8. Progress and Reaction in 19th-century Europe

Lecture Session: The unit examines the 19th century in the context of the struggle between progressive/revolutionary and conservative/reactionary forces and social groups. The central, dramatic focus of attention is the 1848 ‘spring of nations’. We will also consider the strange hybrid of authoritarianism (including so-called patriarchy) and liberalism that characterized European states in the second half of the nineteenth century.

9. The First World War Era Part I

Seminar Session: The First World War was a decisive watershed in the history of European civilization. In its wake, revolutions of the Left and the Right took place; four empires fell; new nations rose in their place, and old nations ‘reappeared’ on the map.

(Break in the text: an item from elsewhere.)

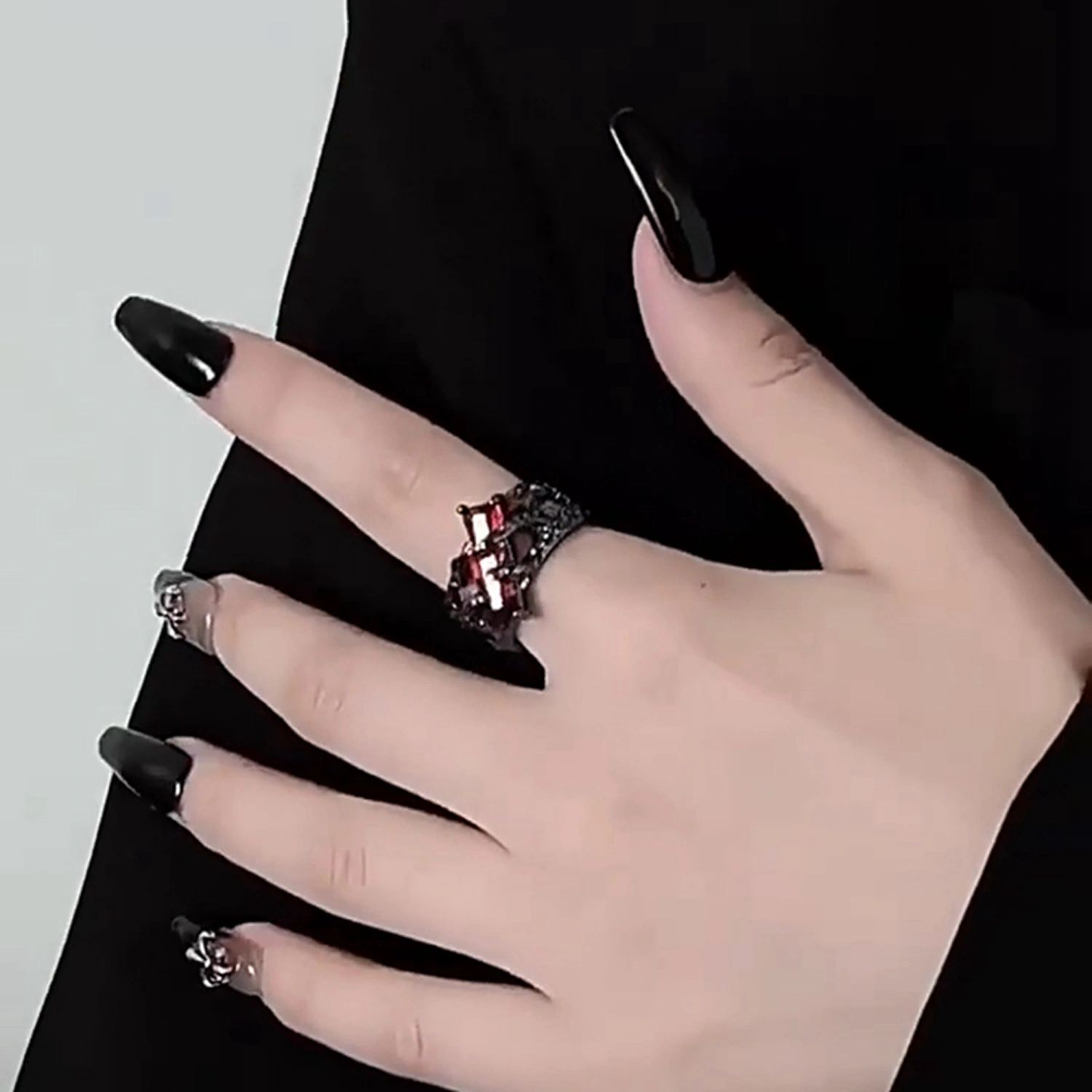 Red Stone Rings for Men Women Gothic Zirconia Rings Adjustable Rings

The session looks at the major causes and the course of the First World War.

10. The First World War Era Part II

Seminar Session: Class discussion on the outcomes and legacies of the First World War, the most enduring and vital of which include the violent advent of Communist rule in Russia and the Paris Peace Conference, the failed attempt at ensuring that World War I was the ‘war to end all wars’. Early optional submission date for Essay.

11. Class 11 - Political Extremes in the Inter-War Period, 1919-39

Lecture Session: This module looks at the extremism which came to dominate European political, economic and social life in the 1920s and 1930s, and considers the chief reasons for the breakdown of the Versailles System by 1939.

12. The Second World War, 1939-1945

Seminar Session: This discussion looks at the causes, course and consequences of the most devastating conflict in human, including a consideration of the Holocaust and the morality of Allied victory.

13. Cold War Europe, 1945-1989: From Division to Unity

Lecture Session: The Cold War was the single greatest fact of life in Europe after World War II. This session looks at the establishment of Communist regimes and on contrasting conditions between East and West Europe. Yet we should not be blind to some commonalities between both sides of the Iron Curtain, such as youth movements and a culture of protest and dissent. Eventually, dissent helped to bring down Communist rule in the East.

14. Review

A final session will explore the major themes addressed in the course, and suggest ways of approaching contemporary European history.